The entries below contain pictures. Write out only the lines from the line with "2 Tone Cornsilk/Black" up to and including the line with "每日点评：关注印度疫情后续影响-第64期", exactly, without them.

(Supplied records)

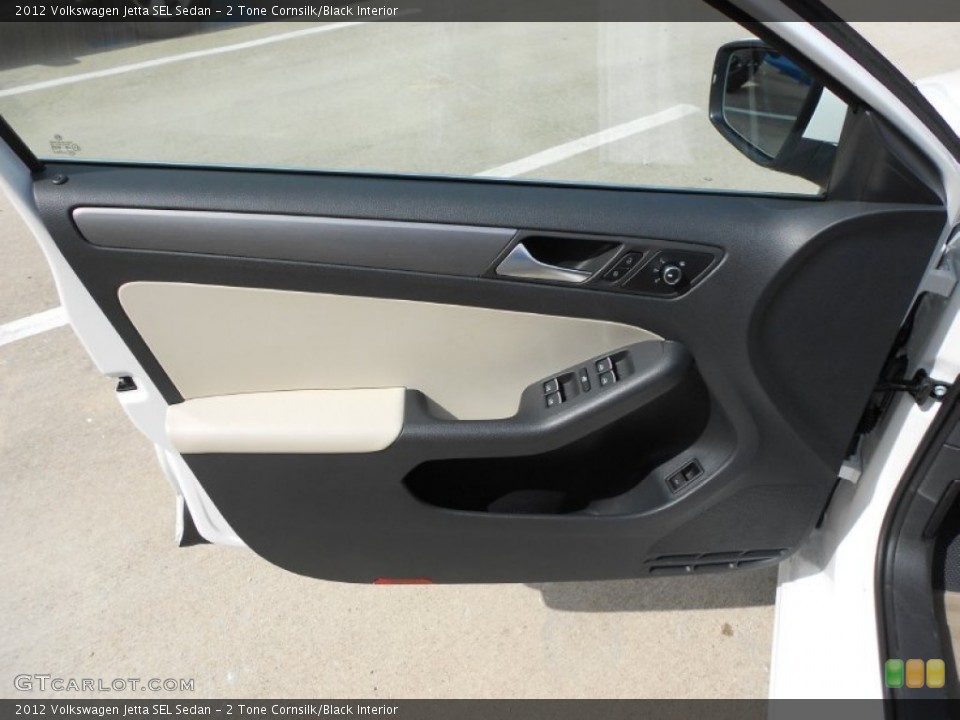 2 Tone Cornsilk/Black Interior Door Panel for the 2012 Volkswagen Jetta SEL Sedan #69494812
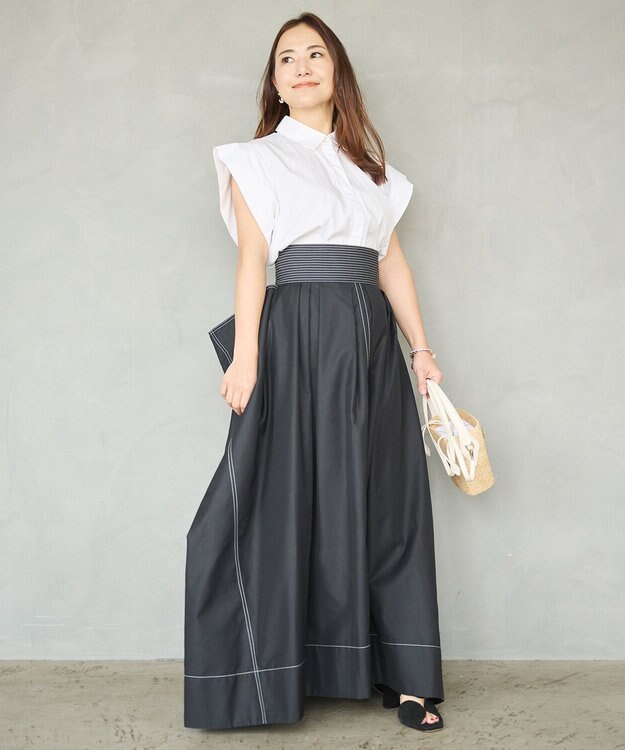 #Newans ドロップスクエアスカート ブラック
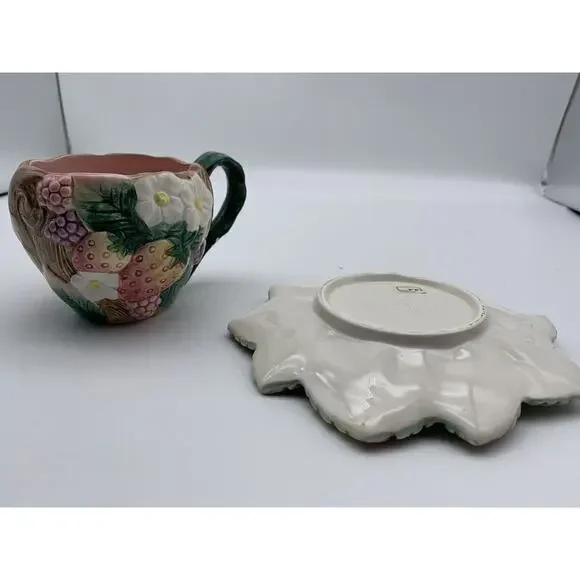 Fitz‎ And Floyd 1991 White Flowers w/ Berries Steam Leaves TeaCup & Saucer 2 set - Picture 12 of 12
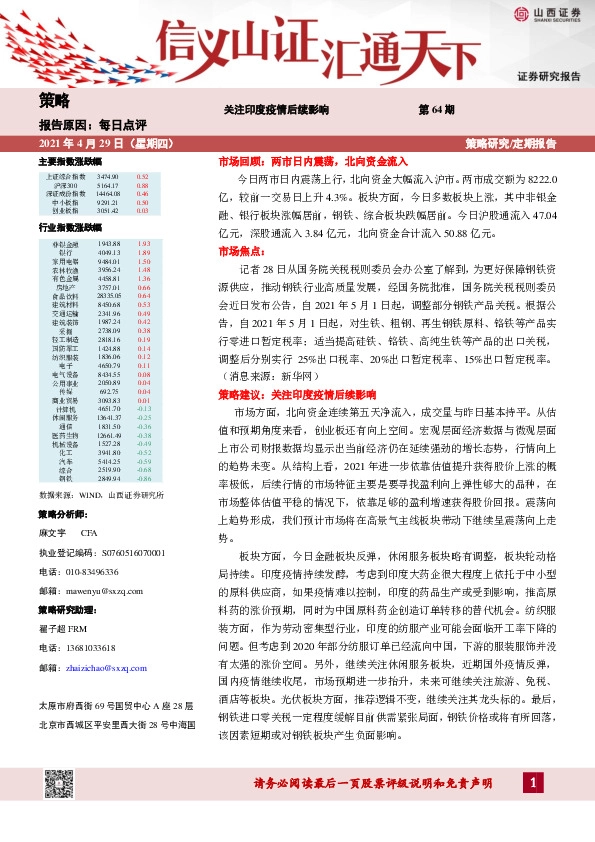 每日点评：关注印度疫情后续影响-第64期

(End Supplied records)
(Supplied records)

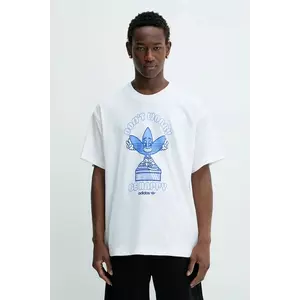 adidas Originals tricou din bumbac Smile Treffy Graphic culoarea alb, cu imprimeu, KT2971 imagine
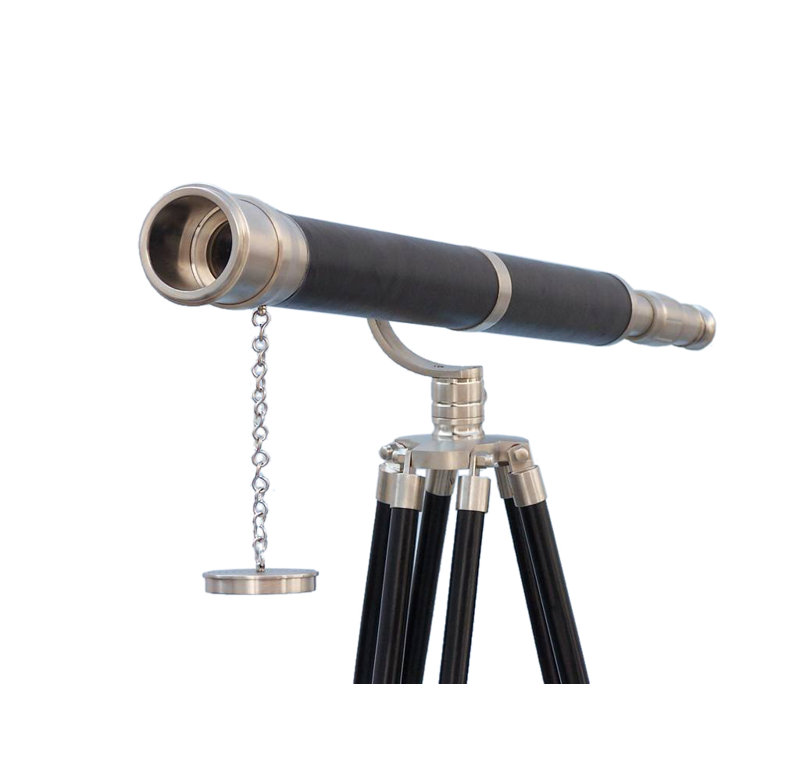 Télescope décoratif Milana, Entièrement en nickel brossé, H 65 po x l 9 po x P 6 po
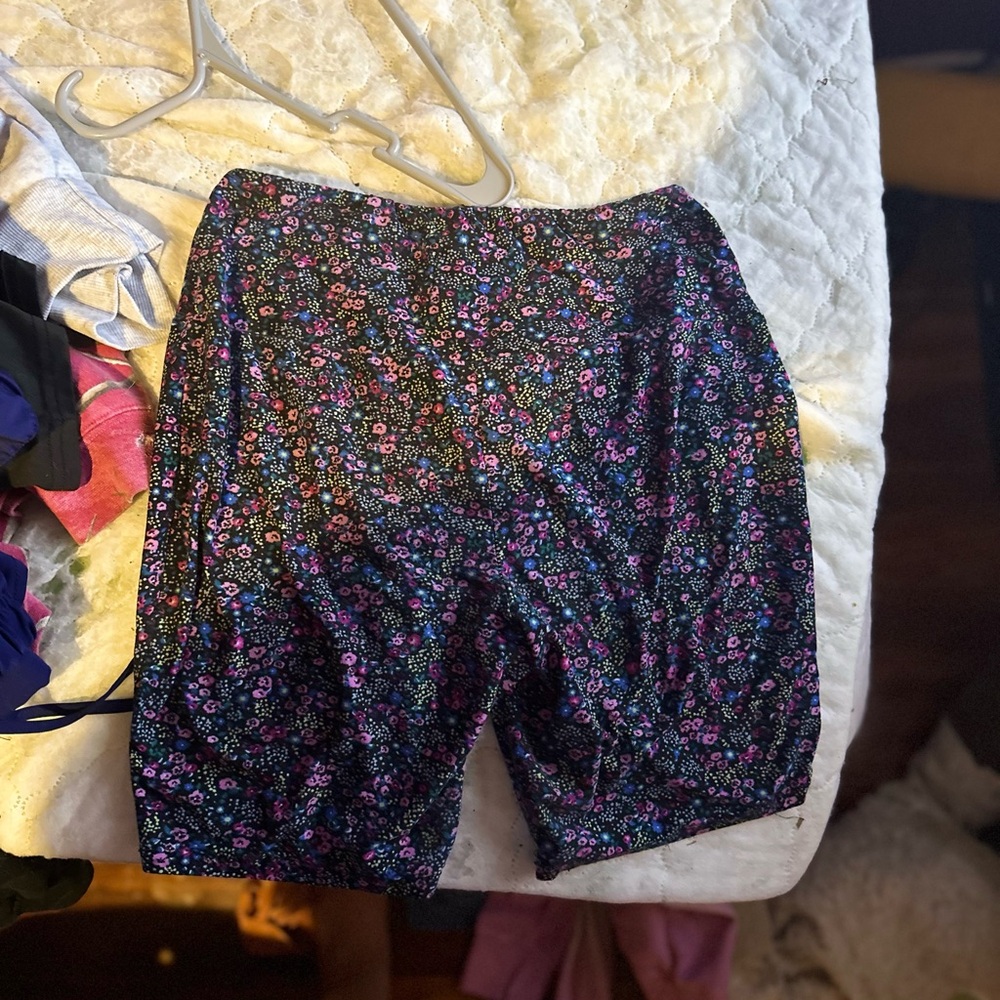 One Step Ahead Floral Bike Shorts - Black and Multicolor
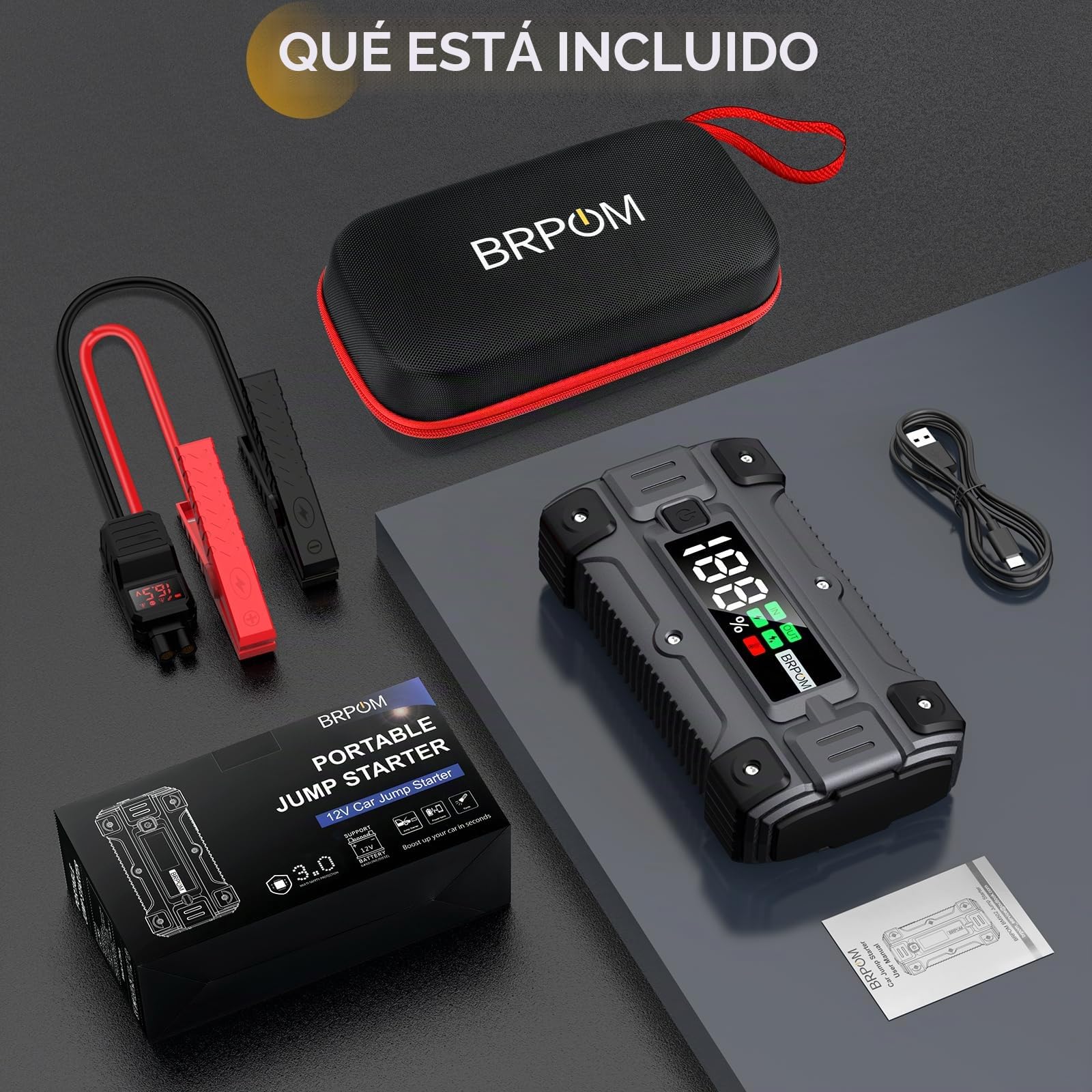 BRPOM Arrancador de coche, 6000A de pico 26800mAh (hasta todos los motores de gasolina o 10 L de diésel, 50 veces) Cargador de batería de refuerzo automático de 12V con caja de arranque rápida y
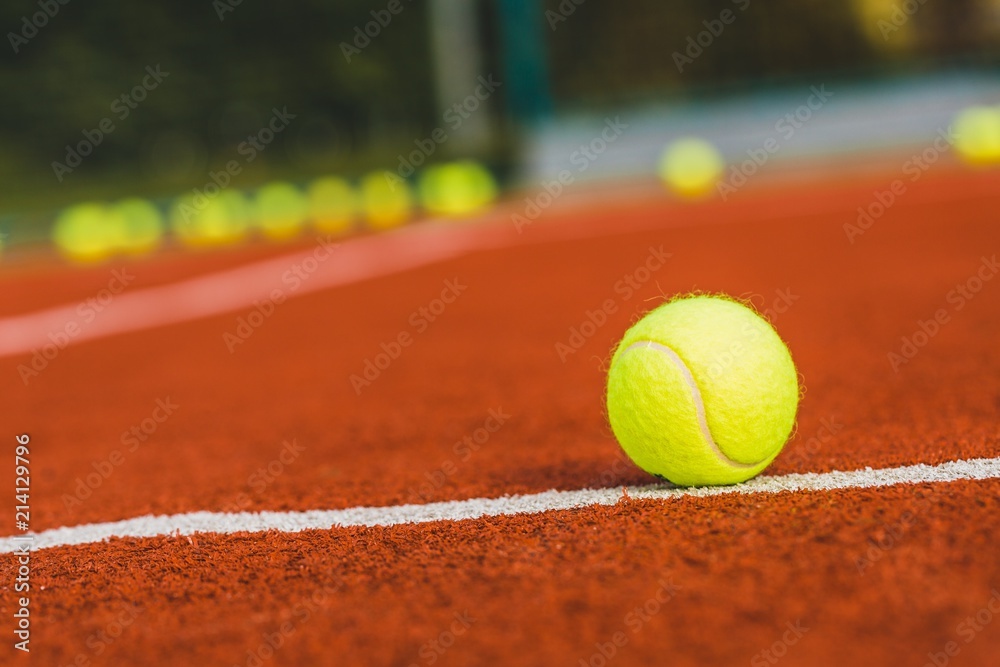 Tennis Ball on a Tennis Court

(End Supplied records)

#### Solution:
 2 Tone Cornsilk/Black Interior Door Panel for the 2012 Volkswagen Jetta SEL Sedan #69494812
 #Newans ドロップスクエアスカート ブラック
 Fitz‎ And Floyd 1991 White Flowers w/ Berries Steam Leaves TeaCup & Saucer 2 set - Picture 12 of 12
 每日点评：关注印度疫情后续影响-第64期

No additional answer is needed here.